I know, im too lazy to order new plugs because im building a stroker, but i dont think that would show a significant drop in power.

anyways, i just looked into apr and i guess if your EPC and CEL doesnt flash when you restart your ignition after selecting a program then you never put the car into a program. 

for months i was driving with no tune... lol. 

problem is my cruise control doesnt work and i cant get the lights to flash on start up after selecting tune.


----------



## jedge1.8t (Jan 27, 2012)

In definition putting intercoolers and exhaust and all that stuff just to beat a civic doesnt seem worth it.


----------



## 20v master (May 7, 2009)

taverncustoms said:


> your raido/lights off


:sly:

If your chip isn't working, that's why you lost.


----------



## taverncustoms (Feb 18, 2011)

jedge1.8t said:


> In definition putting intercoolers and exhaust and all that stuff just to beat a civic doesnt seem worth it.

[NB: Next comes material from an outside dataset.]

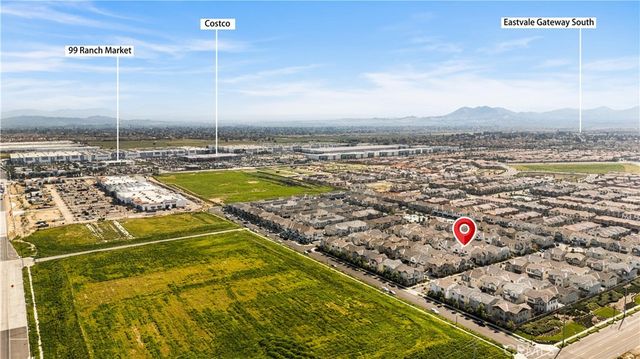 4253 S Heather Privado, Ontario, CA 91761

LOL i dont think you will need all that for a civic but if you really want to see what that ko4 can do..... gotta let it breath


----------



## taverncustoms (Feb 18, 2011)

20v master said:


> :sly:
> 
> If your chip isn't working, that's why you lost.


lol he might have a killer sound system. the alternator robs HP too


----------



## jedge1.8t (Jan 27, 2012)

I dont think my chip works, ever since i got it i been able to activate the features code delete and others but it wont flash to acknowledge the program i selected. 

plus I lost my cruise control function ever since i got it.


----------



## 20v master (May 7, 2009)

taverncustoms said:


> lol he might have a killer sound system. the alternator robs HP too


So he should probably delete the alternator then, right? :screwy: He didn't lose the race because his lights or radio were on. 



jedge1.8t said:


> I dont think my chip works, ever since i got it i been able to activate the features code delete and others but it wont flash to acknowledge the program i selected.
> 
> plus I lost my cruise control function ever since i got it.


Sounds like you need a trip to the APR dealer.


----------



## 01ttgt28 (Jun 23, 2009)

Specs on the civic HP 197 torque 139 and rpm go up to 7800 curb weight is 2954


----------



## Doooglasss (Aug 28, 2009)

Wow this is a sad sad day for TT drivers across the country.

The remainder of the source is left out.